S Africa workers suspend strike

Nationwide strike involving 1.3 million civil servants halted to debate latest government offer, according to unions.

    More than 1.3 million civil servants have been involved in the strikes with rallies being held across the country [Reuters]

    South African public workers unions have suspended a nationwide strike involving 1.3 million civil servants that has threatened to bring the economy to a halt.

    The strike was suspended on Monday despite claims that it would continue until demands for improved wages and benefits were met by the government.

    The suspension came after 20 days without work, but a union worker said that it had not yet agreed to the latest offer from the government.

    Rather unions have made the move in order to discuss the government's latest proposed deal.

    'Weigh our options'

    Thobile Ntola, president of the South African Democratic Teachers Union, the largest civil service union, emerged from meetings with other unions to make the announcement.

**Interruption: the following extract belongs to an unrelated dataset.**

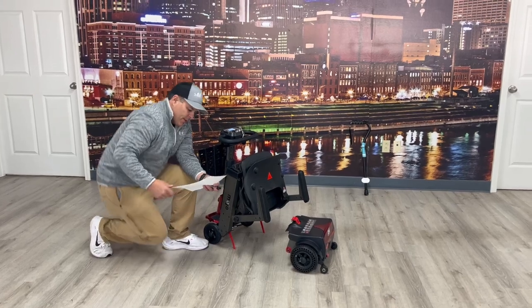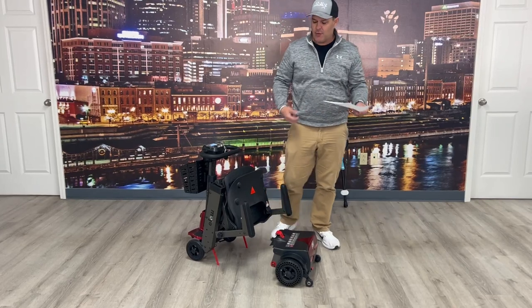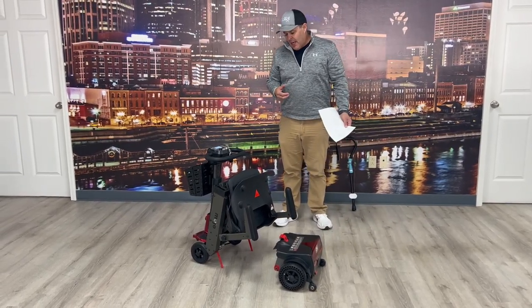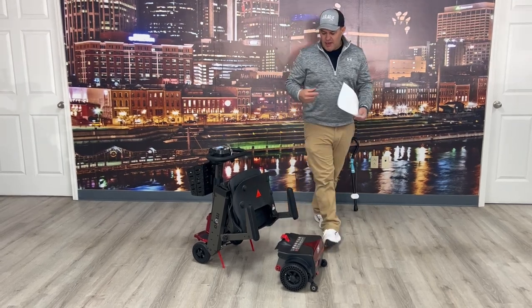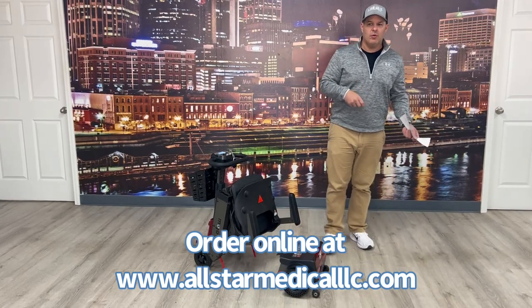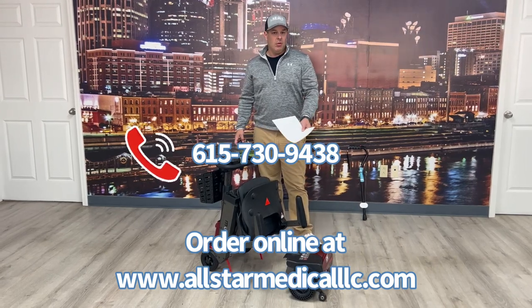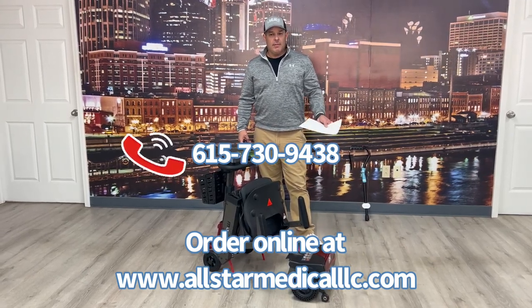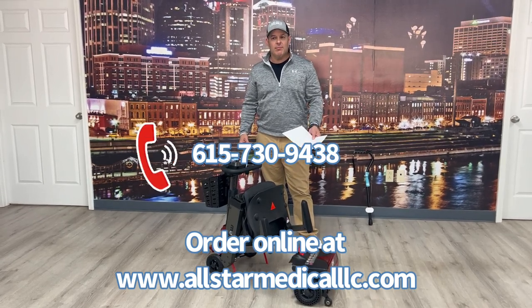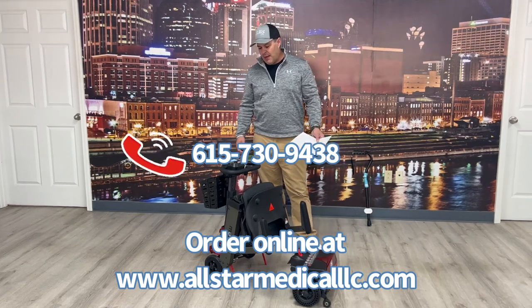You get that 300-pound weight capacity on an auto-folding, which is unique. Enhanced Mobility has done a great job with this — I think it will sell a lot. If you have questions you can reach us at All-Star Medical at 615-730-9438, or order online at allstarmedicalllc.com. Any questions or comments, just comment down below the video. We appreciate your time and have a great day.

    "There comes a time in any strike in which we must weigh our options," Ntola said.

    Further details were expected later on Monday at a briefing for reporters.

    Chris Klopper, of the Independent Labour Caucus, said: "We suspended the strike immediately, we expect workers to go back to work immediately and that means tomorrow."

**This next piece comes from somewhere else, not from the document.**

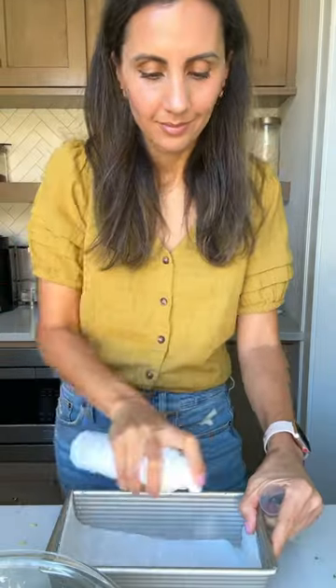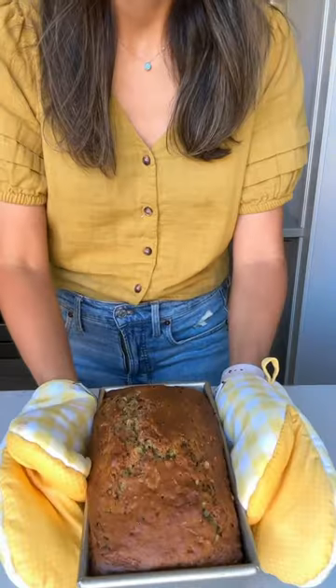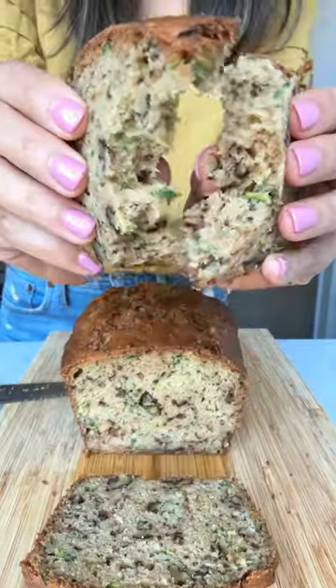You're just gonna mix all this together, then transfer to a loaf pan and bake at 350 for 70 minutes. So good.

    The unions had set a deadline of September 2 for the government to provide a 8.6 per cent rise in salaries and a 1,000 rand ($138) monthly housing allowance.

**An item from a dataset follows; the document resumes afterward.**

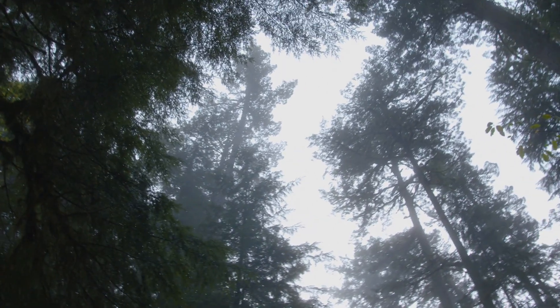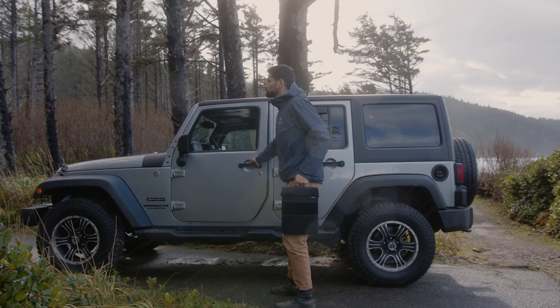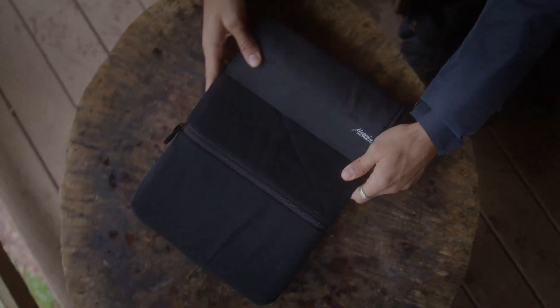Keep your laptop fully protected from bumps, scratches, and weather with the laptop base layer. Inspired by outdoor equipment, this lightweight case is built to withstand the elements and keep you connected on or off the grid.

    There was some discord from union members over the suspension of the strike.

    "We want 8.6 per cent and will stop at nothing. If our leaders think they can ignore our views, they are sellouts," Ken Khuzwayo, a teacher from Mpumulanga province, said.

    Services affected

    The government is offering a seven per cent pay hike and 630 rand for housing, saying that it cannot afford the workers' demands.

    Schools and hospital services have been hit by the strikes.

    The labour unions had warned that they will cut ties with the ruling party, and widen a national public sector strike, unless their pay demands are met.

    Al Jazeera's Barnaby Phillips, in Pretoria, said: "In the short-term these workers will be going back to their jobs and South Africans will be pleased to know that hospitals and schools should resume work as normal.

    "But in the long run there is every possibility of more industrial unrest in South Africa”

    South Africa has been hit hard by the global recession, losing 900,000 jobs last year on top of already high unemployment.

    The government has said it wants to devote funds to creating new jobs, not just raising the salaries of those already working.